Louisville, KY rockers White Reaper are back with their fourth studio album, entitled “Asking for a Ride”. It’s a short but tight collection of modern rock colored in shades of the classic rock of the 70’s and 80’s as we talk about in this White Reaper Asking for a Ride review.
White Reaper Asking for a Ride Review
I love that album art, by the way.
The album opens with the energetic title track, “Asking for a Ride” itself to let you immediately know what you’re getting with White Reaper.
The guitar tones, the vocals, and even some of the breaks sound reminiscent of Minnesota rockers Hüsker Dü. It’s uptempo, full of noodling, and even ends on a solo.
I like the title track, but as soon as track 2, “Bozo”, starts out I couldn’t help but think it would have made for a better opener.
I get it, you want to open with the title track and all that, but Bozo would make for one heck of an opening statement with that opening riff.
Everything about Bozo is more straightforward than the title track. There’s very few fills, just a solid uptempo track with a wall of guitars and a simple but effective vocal melody. And when those vocals come in you just know you’re in good hands.
Track three is the highlight of the record for me in “Fog Machine”. Released as the second single ahead of the record, you can make the argument that this is the strongest track White Reaper has yet to release, even eclipsing the feel good rocker which got me into them, “Judy French”.
Fog Machine starts with a heavy riff which sets the tone throughout it, but at its core it’s a fun, bouncing rock number which White Reaper nail like no other band today. By the time that chorus is halfway through it will have you singing “when my phone rinnnngs” right along with them.
It’s the kind of song which could have been released by Thin Lizzy at their prime if they used more gain.
“Getting Into Trouble w/ the Boss” is the kind of song I appreciate from White Reaper as it shows they’re fully capable of stepping back on the gain and making a more melodic tune. I especially love where the vocal goes on this one when that chorus comes in and changes the vibe.
“Pink Slip” was the final single released ahead of the record.

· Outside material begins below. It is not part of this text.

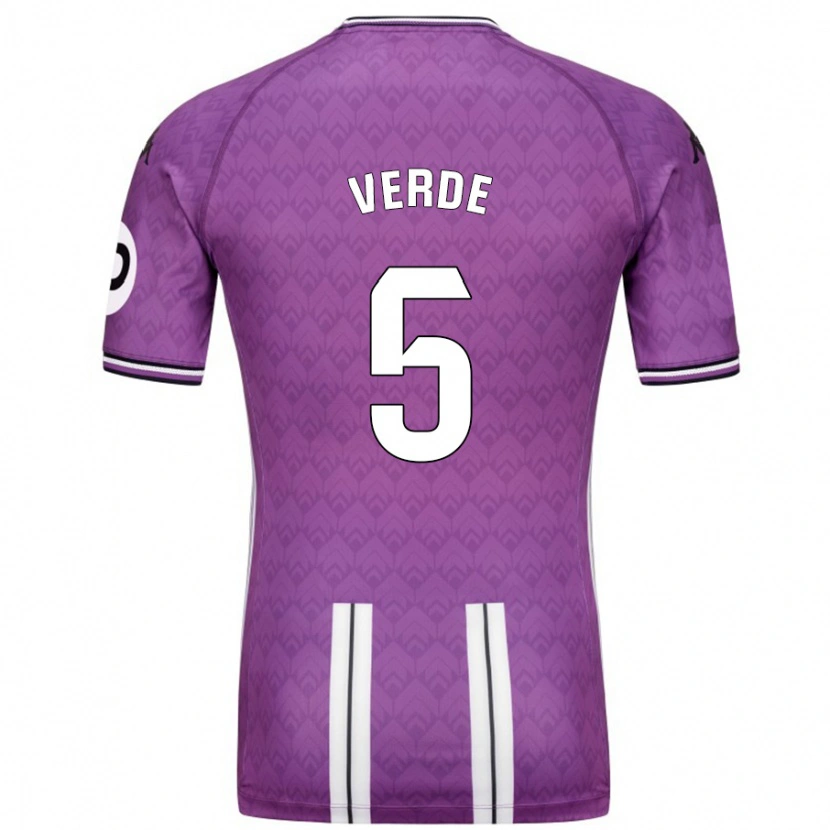 Danxen Herren Adrián Verde #5 Violett Weiß Heimtrikot Trikot 2024/25 T-Shirt Schweiz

It makes nice use of some reverb soaked delay to give vocalist Tony Esposito more presence on his disaffected delivery of the chorus lyric “hard to believe us when we grow up so slow”.
The back half is full of more fun hooks, albeit not as deliberately single notable material.
The final song on the record is also the first one released as a single ahead of the record, “Pages”.
Throwing us a curveball by opening with some lazy acoustic guitar strumming and vocals to make a nice contrast when the full band comes in behind it for the chorus, “Pages” is again another look that White Reaper’s brand of modern meets classic rock comes in a variety of satisfying packages.
One thing’s for sure, you’ll very likely always be singing along.
White Reaper Asking For a Ride Review Score: 4/5
Coming in at 10 songs in just under 30 minutes, White Reaper’s “Asking for a Ride” is a tight album from top to bottom. I could see myself skipping one or two tracks, but otherwise just letting this tight collection play out again and again.
It’s certainly up there with their last record, 2019’s “You Deserve Love”, and track for track it may have surpassed it for me.
It’s always a good listening experience when I find myself looking up the latest tour dates when I finish with the record, and I can tell this will be a fun one live.